A avaliação do chefe da Casa Civil, Sérgio Sampaio, é semelhante: “De uma maneira geral, temos de reconhecer que o aumento em alguns crimes aconteceu por conta das manifestações. Foram circunstâncias excepcionais que mexeram com os índices. Pretendemos continuar com investimentos no Programa Pacto pela Vida e nas áreas que mais precisarem da nossa atenção”.
“Provocação de desordem”
O diretor-geral da Polícia Civil, Eric Seba, ressalta também a grande quantidade de paralisações e protestos. “A sociedade pensa que dentro da cidade tudo pode ser feito, mas a segurança publica é responsabilidade de todos. Enxergo uma certa provocação de desordem por irresponsabilidade de parte da nossa sociedade”, dispara.
Passageiros têm medo
Na Rodoviária do Plano Piloto, não faltam relatos de assaltos a ônibus. O segurança Nilton Freire diz ter sido roubado por dois menores quando o coletivo saía do Gama, onde mora, rumo ao Plano Piloto.

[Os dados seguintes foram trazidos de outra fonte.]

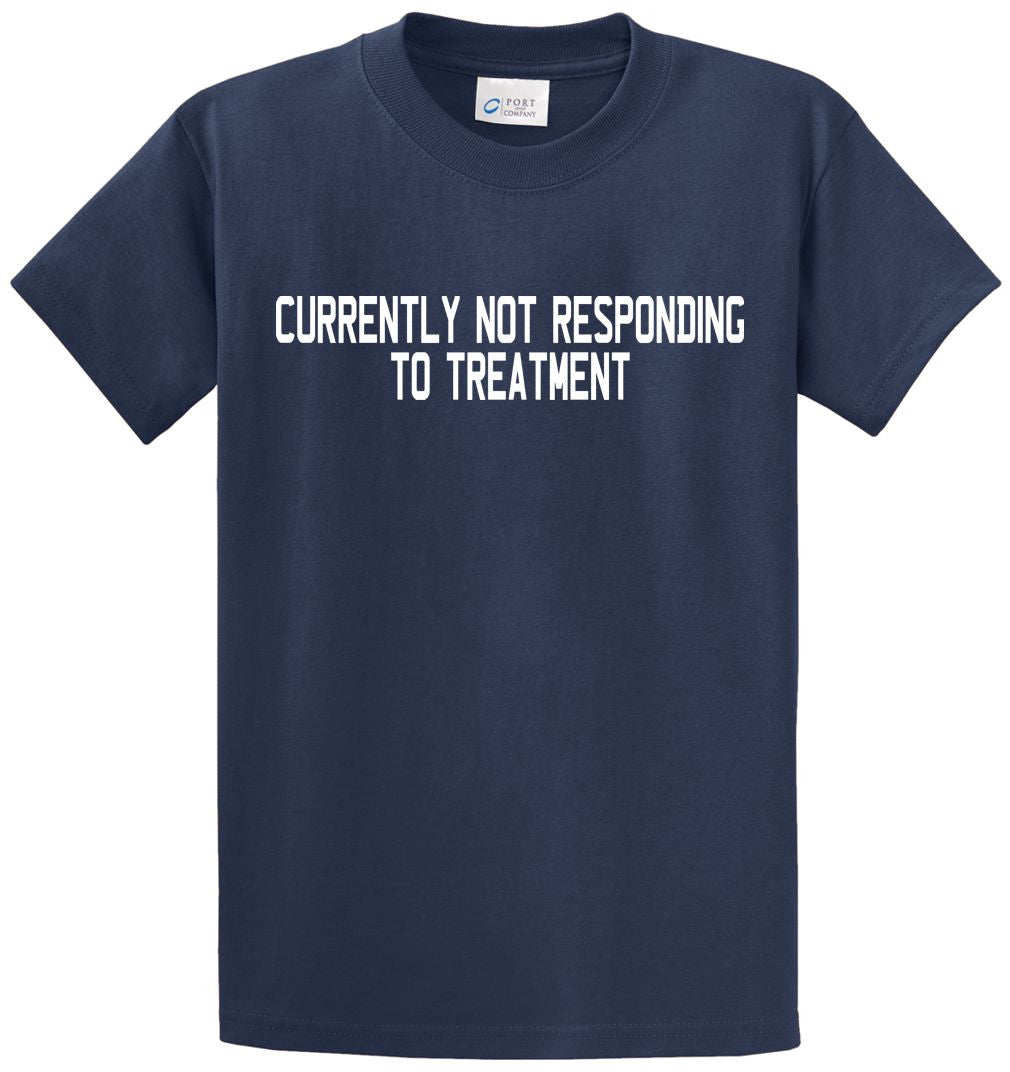 Not Responding To Treatment Printed Tee Shirt-1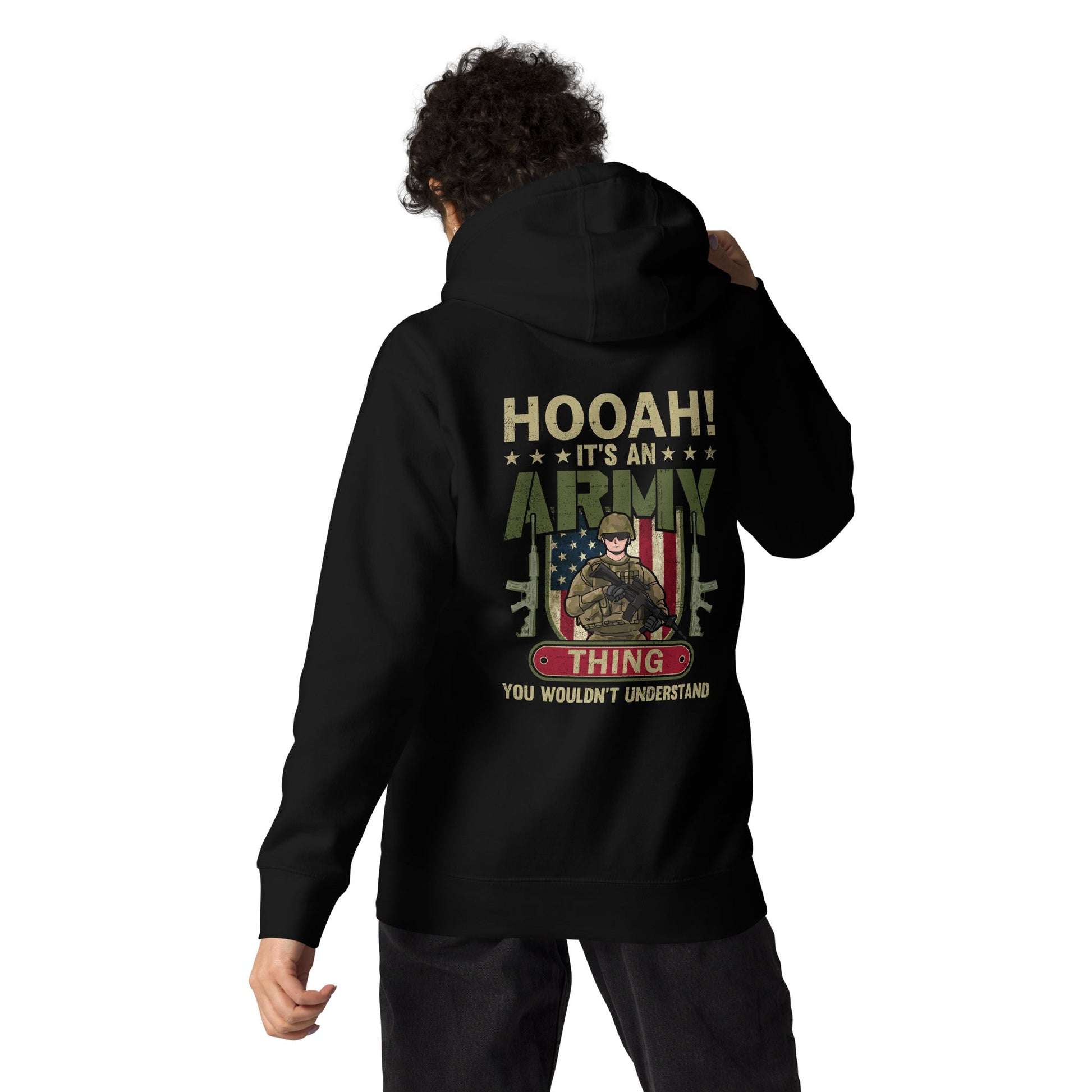 HOOAH! It's an Army thing you wouldn't understand - Unisex Hoodie ( Back Print ) by DarkByteGear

A servente de limpeza Vanda Maria Rodrigues também foi abordada por dois adolescentes quando o ônibus chegava em Samambaia Norte, há três meses. “Levaram tudo de todo mundo. Tivemos que entregar, pois estavam armados. A gente tem medo, os assaltos são constantes”, reclama.

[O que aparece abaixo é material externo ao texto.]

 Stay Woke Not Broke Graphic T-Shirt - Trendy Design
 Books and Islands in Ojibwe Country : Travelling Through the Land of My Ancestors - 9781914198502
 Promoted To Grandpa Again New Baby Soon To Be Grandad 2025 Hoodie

O carregador Leonardo Roberto da Cruz, de Ceilândia, conta que a sogra foi roubada por quatro homens em circunstâncias parecidas: “Apenas um estava armado. Ele entrou no ônibus e pagou a passagem como um passageiro comum. Após dez minutos, eles anunciaram o assalto. Os bandidos saíram correndo e entraram no matagal” .
Se nos ônibus os passageiros não se sentem seguros, nas ruas também não. Foram registrados 2.721 roubos a pedestres em outubro, um aumento de 0,4%. Já na comparação com os dez primeiros meses do ano, baixa foi de 6,4%. Segundo o comandante da PM, Florisvaldo Ferreira César, uma operação de fim de ano será lançada até a próxima semana para intensificar o policiamento nas áreas de maior movimento. (Colaborou Rosana Jesus)
Parte dos crimes em queda
Na contramão dos índices em alta, os números de estupro apresentaram queda de 18,2%. Foram 54 casos em outubro, contra 66 no mesmo período do ano passado. Em relação aos primeiros dez meses, a redução chega a 23,9%.
Furtos e roubos de veículos também baixaram 36,6% e 15,9%, respectivamente. Houve registro de 1.344 carros furtados em outubro de 2014, e 852 no mês passado. Entre os roubos, a queda foi de 515 para 433.
O comandante-geral do Corpo de Bombeiros, Coronel Hamilton, conta que também houve uma redução de 9% dos atendimentos de acidente de trânsito. “Isso é fruto do trabalho conjunto entre as forças. Também estamos atentos aos casos de incêndios florestais e combate à dengue”, garante.
A secretária interina de Segurança Pública, Isabel Seixas de Figueiredo, comentou as estatísticas do mês: “Apesar de apresentarmos alguns números mais altos em outubro, temos uma tendência consolidada de queda nos principais crimes no DF em 2015. Isso se deve ao trabalho coletivo e o aprimoramento das investigações”.